The third is going to compare vapes with nicotine pouches, a first study of its kind. This Yale University project will focus on the flavours and strengths of the products to see which work best for smokers. The Cochrane team say they won’t be including the findings from a quitting perspective but will be considering adding the results to what we know about relative safety.
The final project is going to put smokers onto a course of NRT products. At the end of the trial period, all of those who failed to quit smoking will be put into one of two cohorts that receive either vaping products or nicotine pouches to see if these help.
“It’s awesome and exciting to see more studies in the pipeline,” says Professor Hartmann-Boyce.
What the Cochrane Living Systematic Review concludes so far
The team state:
·People are more likely to stop smoking for at least six months using nicotine containing vapes than with nicotine replacement products like patches, gum, and sprays.

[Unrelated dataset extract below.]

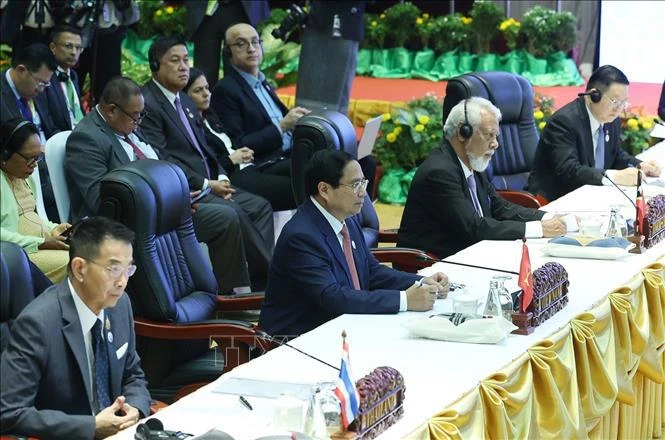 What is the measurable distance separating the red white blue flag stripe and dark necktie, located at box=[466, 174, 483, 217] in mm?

·Nicotine containing vapes work better at helping people to stop smoking than going cold turkey or only getting behavioural support from local quit centres.
·Nicotine containing vapes work at least twice as well as nicotine replacement products – and nicotine free vapes work as well as nicotine replacement products.
·Non‐serious unwanted effects were more common in vapes compared to nicotine replacement therapy. These would include things like short term sore throats or headaches as people get used to their devices. The team say, “These effects reduced over time as people continued using nicotine e‐cigarettes.”
The Cochrane Tobacco Addiction Group states: “There is now high‐certainty evidence that [a vape] with nicotine increases quit rates at six months or longer compared to nicotine replacement products.”
On the related subject of packaging
Professor Hartmann-Boyce and Dr Lindson spoke to Eve Taylor, someone who has gained experience in the area from working with the International Tobacco Control Project and the UK Health Security Agency’s ecig evidence updates.
There has been a long journey to transform tobacco packaging and now there are strict rules as to what information must be included, what can’t be included and the colour. Some are arguing that the same restrictions should be applied to vape products.
Eve says: “It’s been found that with each of these steps that they’ve reduced the appeal of cigarettes to young people but also made them less viable to adults as well.”
Vapes must conform to packaging restrictions at the moment. They must contain:
·A warning label about nicotine
·Information about nicotine level
·Information about other ingredients
·Manufacturer details
There is also a ban on making health claims or things like the vape products are “revitalising”.
With a range of options to changing vape packaging available, Eve has looked at how they might impact youth and adult use. She claims that plain packs disincentivise young people from buying vapes, but it makes “little difference” to vaping and smoking adults. The concern here is that this is one study and so confidence in the results is low.
With the push from certain quarters to implement plain packaging as a response to the government’s recent consultation process, it is hoped that they wait for more concrete evidence before deciding and risk endangering the success vaping has had in reducing the UK’s smoking rate.